What is surprising about this book is not so much that it that it is written with incredible skill and care, but that it is the debut novel for the author. Brunt seems to have jumped right over first novel territory into a place where she has a mature and beautiful voice: artful use of language, an insight into literature, and an understanding of the way a story should be woven not only in terms of plot but in terms of layers of descriptions, similes, and symbolism.

Brunt's descriptions of places, people, and memories are not only clever and perceptive, but precise. She also doesn't tend to rely on the tried and true similes but comes up with her own fresh ideas. The most apt descriptor for this story would be a love story. And then another love story...and so on. It is about a girl and her uncle, a girl and her sister, a sister and a brother, an artist and his 'secret' lover, a father and a mother, a girl and her forbidden friend; and all these love stories are bound together and revealed by the terrible, and wonderful, things we do for love.

The book begins with June Elbus and her older sister Greta being painted by their Uncle Finn who is dying of AIDS in 1987. The time period itself is a refreshing change in a world where most books are set either further in the past, in the present, or in some yet to be discovered future. When Uncle Finn does die, June is left with a gaping hole in her life that no one understands.

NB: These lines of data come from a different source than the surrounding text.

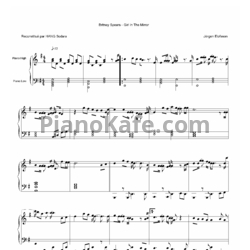 Ноты Britney Spears - Girl in the mirror - предпросмотр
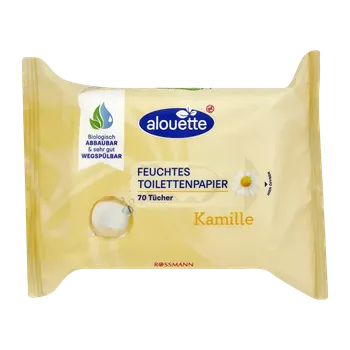 Toaletní papír alouette Vlhčený toaletní papír s heřmánkem Classic 70 ks
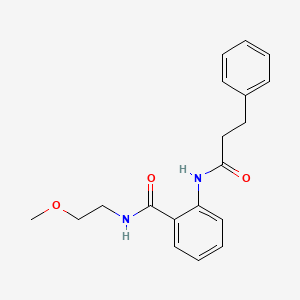 N-(2-methoxyethyl)-2-[(3-phenylpropanoyl)amino]benzamide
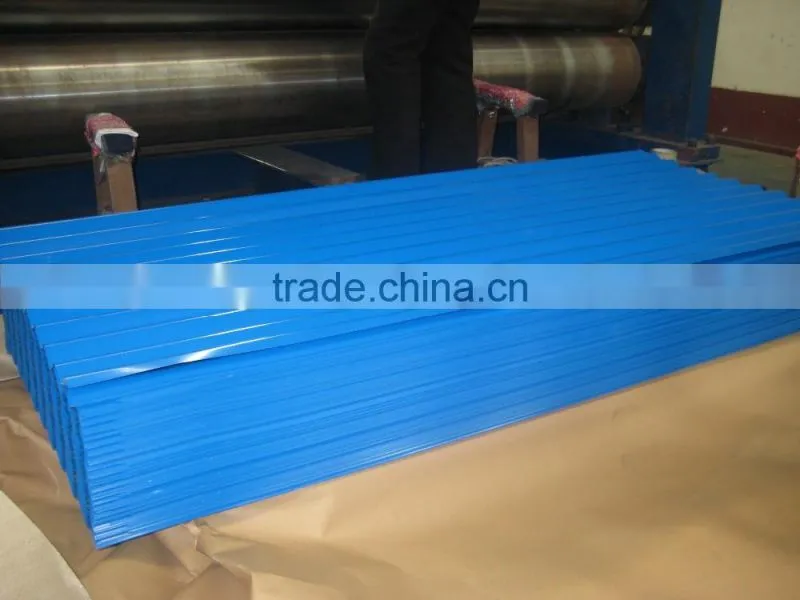 good price galvanized prepainted corrugated roof steel sheet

In fact she is often begrudged of her grief because Finn was just an uncle after all. But to June he was much more than an uncle. He was the one person who could read her heart and make her feel special; he was the person June felt she couldn't live without.

Brunt's descriptions of June's grief and the fear that comes with it are so sincere that anyone who has lost a love will feel their heart being embraced by such aching phrases as "Not only because Finn had never told me...but because there was no way to ask him about it. And until then I don't think I really understood the meaning of gone." (pg 55) and "I understood how just about anything in the world could remind you of Finn...Things you'd never even seen with Finn could remind you of him, because he was the one person you'd want to show."

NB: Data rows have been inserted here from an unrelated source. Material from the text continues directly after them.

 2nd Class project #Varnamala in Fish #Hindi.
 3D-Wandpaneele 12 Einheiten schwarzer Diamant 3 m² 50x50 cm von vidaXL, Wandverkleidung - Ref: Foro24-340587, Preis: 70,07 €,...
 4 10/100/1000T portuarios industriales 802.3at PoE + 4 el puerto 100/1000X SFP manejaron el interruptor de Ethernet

In the shadow of this unbearable grief is a whisper of hope in the form of Finn's secret boyfriend, Toby, who shows up in June's life to deliver an old Russian teapot from her uncle. The relationship between these two people who loved Finn deeply, but were never allowed to meet, is at once awkward, sweet, hilarious, and eventually intimate. Even as the pressures of the outside world threaten to tear them apart their bonds grow and together they manage to find a sense of hope.

Also, both of her parents are accountants, which means that during tax season, when the events of the novel take place, she and her sister are taking care of themselves while her parents work long and exhausting hours and are not around to help her through her grief. So when her father comes home one evening, tired and sick and worked to the bone:

"well, why do you do it, then?"

i meant it seriously.i really wondered why people were always doing what they didn't like doing. it seemed like life was a sort of narrowing tunnel. right when you were born, the tunnel was huge. you could be anything. then, the absolute second after you were born, the tunnel narrowed down to about half that size. you were a boy, and already it was certain that you wouldn't be a mother and it was likely you wouldn't become a manicurist or a kindergarten teacher. then you started to grow up and everything you did closed the tunnel in some more. you broke your arm climbing a tree and you ruled out being a baseball pitcher. you failed every math test you ever took and you canceled any hope of being a scientist. like that. on and on through the years until you were stuck. you'd become a baker or a librarian or a bartender. or an accountant. and there you were. i figured that on the day you died, the tunnel would be so narrow, you'd have squeezed yourself in with so many choices, that you just got squashed.

"why do i do it?" my dad said. "that's a no-brainer. for you. for you and greta and your mother."

"oh," i said, suddenly feeling immensely sad that somebody would throw their whole life away just to make sure other people were happy......" WOAH.

With so many different relationships making up this story it is little surprise that the climax involves the bringing together of all these stories, but even if you can see it coming it does nothing to curb the mounting suspense as you wait for something, or everything, to break.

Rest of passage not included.